New Tax Extender Legislation Passed for Renewable Energy, Carbon Capture Projects

On Dec. 21, 2020, the U.S. House of Representatives and Senate passed a year-end tax package, which would extend certain tax credits for renewable energy and other tax incentives. The bill was sent to President Trump for his signature.

Of importance in the Taxpayer Certainty and Disaster Tax Relief Act of 2020 is a one-year extension to the production tax credit (PTC) for wind projects under Section 45 of the tax code; a two-year extension to the investment tax credit (ITC) for solar projects under Section 48 of the code; a new five-year ITC for off-shore wind projects (without any phase out) under Section 48 of the code; and a two-year extension of the PTC for carbon capture projects under Section 45Q of the code.
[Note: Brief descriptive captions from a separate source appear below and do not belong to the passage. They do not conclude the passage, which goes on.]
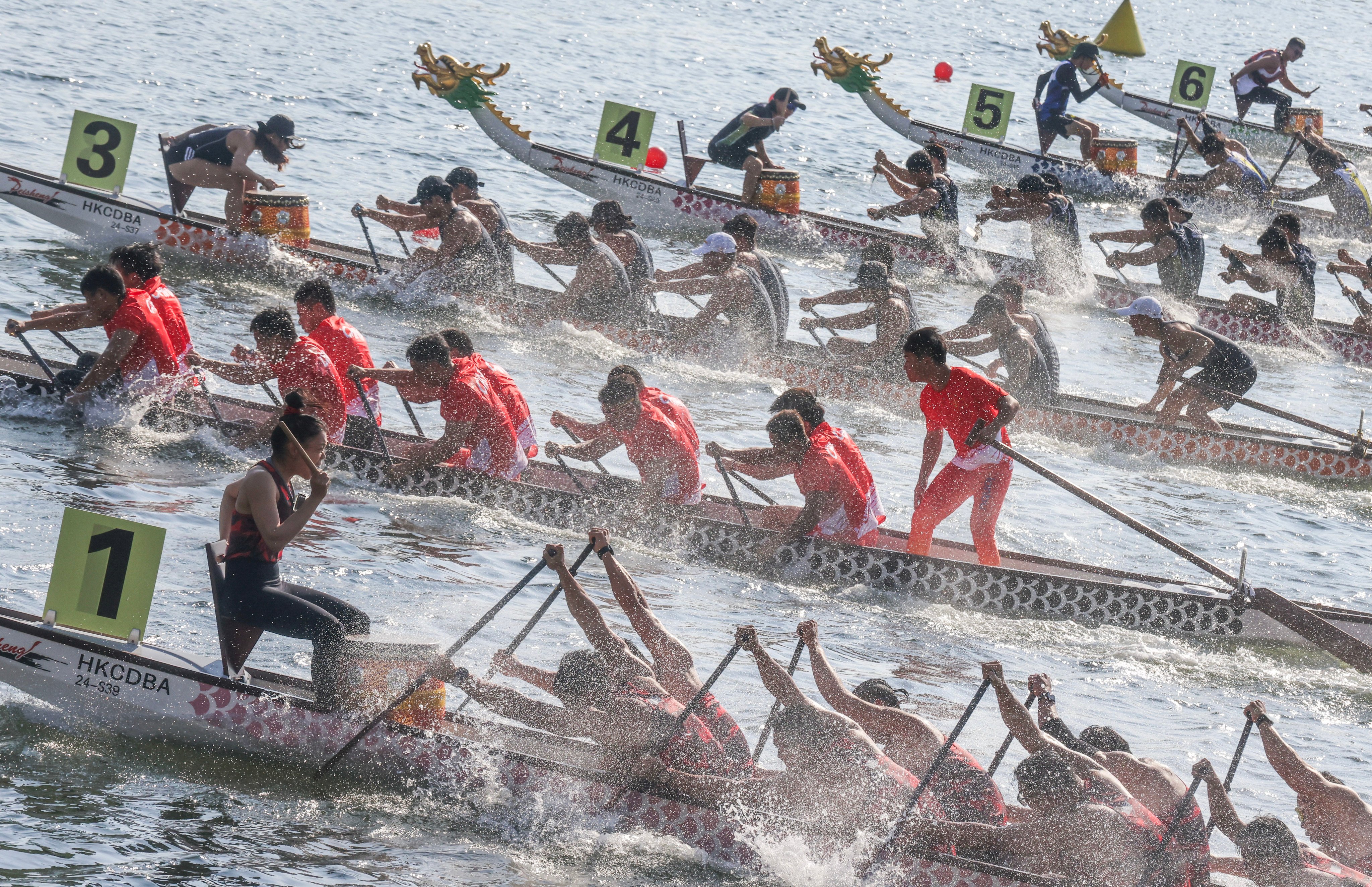 China (in red) beat Chinese Taipei in the exciting open championship final at the Asian Dragon Boat Championships at Kwun Tong Promenade. Photo: Jonathan Wong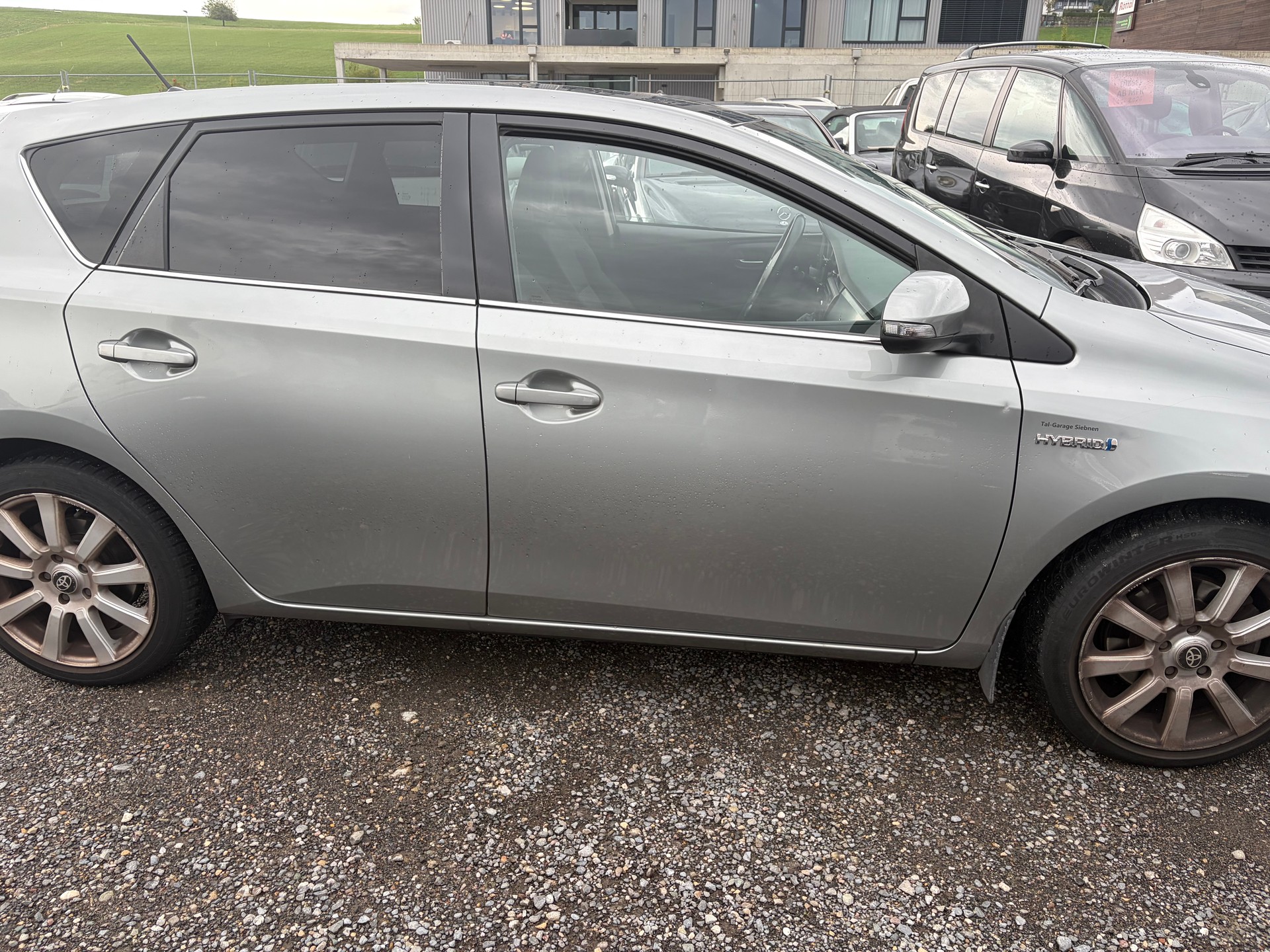 TOYOTA Auris 1.8 16V HSD Linea Sol-image-6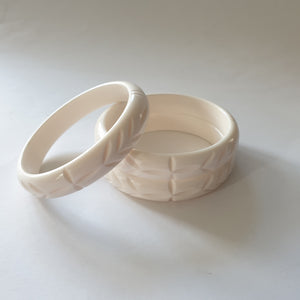Elsie carved fakelite bangle - white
Currently, the PTC for wind projects is set to expire at the end of 2020 for projects that have not begun construction. The one-year extension would provide a 60 percent PTC for wind projects that begin construction in 2021. The election to take the ITC in lieu of the PTC is similarly extended one year. If enacted, the PTC would look as follows:

  • Projects that begin construction before the end of 2016 – 100 percent
  • Projects that begin construction in 2017 – 80 percent
  • Projects that begin construction in 2018 – 60 percent
  • Projects that begin construction in 2019 – 40 percent
  • Projects that begin construction in 2020 – 60 percent
  • Projects that begin construction in 2021 – 60 percent

The tax extenders bill also provides a one-year extension for PTCs for the following electrical facilities that begin construction before the end of 2021:

  • closed-loop biomass;
  • open-loop biomass;
  • geothermal energy;
  • landfill gas;
  • municipal solid waste;
  • incremental hydropower; and
  • marine and hydrokinetic renewable energy.
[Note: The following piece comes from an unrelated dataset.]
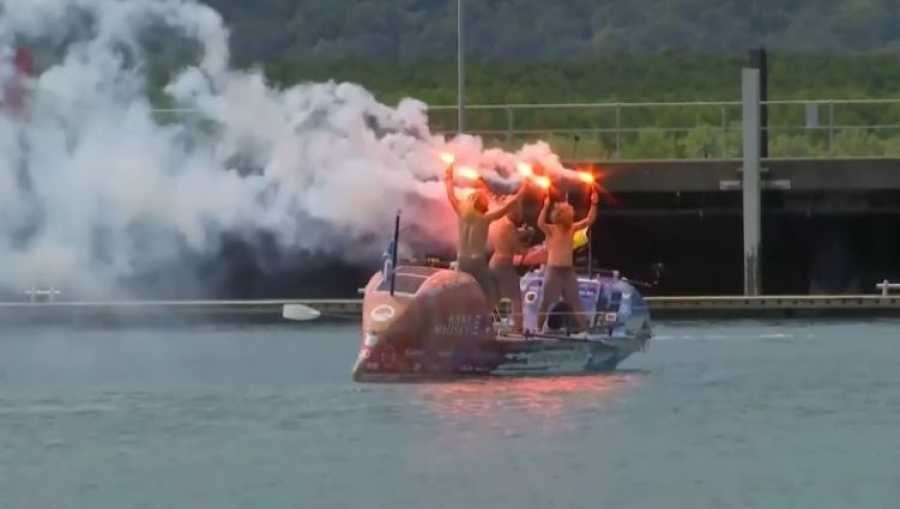 Шотландцы установили рекорд переправы через Тихий океан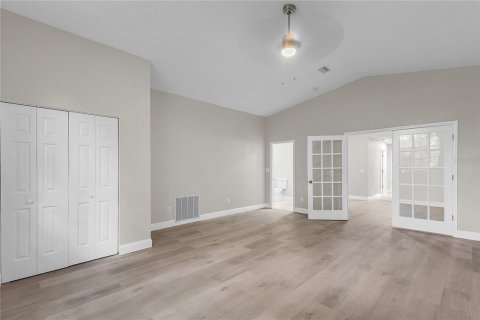 Villa ou maison à louer à Palm Coast, Floride: 4 chambres, 203.64 m2 № 2388676 - photo 6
Currently, the 26 percent ITC for solar projects is set to step-down at the end of 2020 to 22 percent for projects that have not begun construction. The two-year extension would maintain the 26 percent ITC for solar projects that begin construction in 2021 or 2022. If enacted, the ITC would look as follows:

  • Projects that begin construction before the end of 2019 – 30 percent
  • Projects that begin construction in 2020 – 26 percent
  • Projects that begin construction in 2021 – 26 percent
  • Projects that begin construction in 2022 – 26 percent
  • Projects that begin construction in 2023 – 22 percent
  • Projects that begin construction in 2024 and after – 10 percent

To qualify for the 30 percent, 26 percent or 22 percent ITC, the solar project must be placed in service before Jan. 1, 2026. If the solar project is placed in service on or after Jan. 1, 2026, the project is only eligible for the 10 percent ITC.

The tax extenders bill would provide a two-year extension for carbon capture tax projects under Section 45Q of the code, such that the qualified facility must begin construction before Jan. 1, 2026 (rather than Jan. 1, 2024).

The tax extenders bill also adds a new provision allowing off-shore wind facilities to elect into the ITC under Section 48 if they begin construction before the end of 2025. This is a period four years longer than the 2021 begin-construction requirement for all other wind facilities. Furthermore, the off-shore wind ITC is not phased out and remains at the 30 percent ITC level.

Lastly, the tax extenders bill adds waste energy recovery property as energy property eligible for the ITC under Section 48, which is subject to phase-out that applies to qualified fuel cell, fiber-optic solar and small wind facilities. These are energy projects that can utilize exhaust or lost heat from buildings or equipment (excluding combined heat and power, or CHP). The projects cannot exceed 50MW.

DISCLAIMER: Because of the generality of this update, the information provided herein may not be applicable in all situations and should not be acted upon without specific legal advice based on particular situations.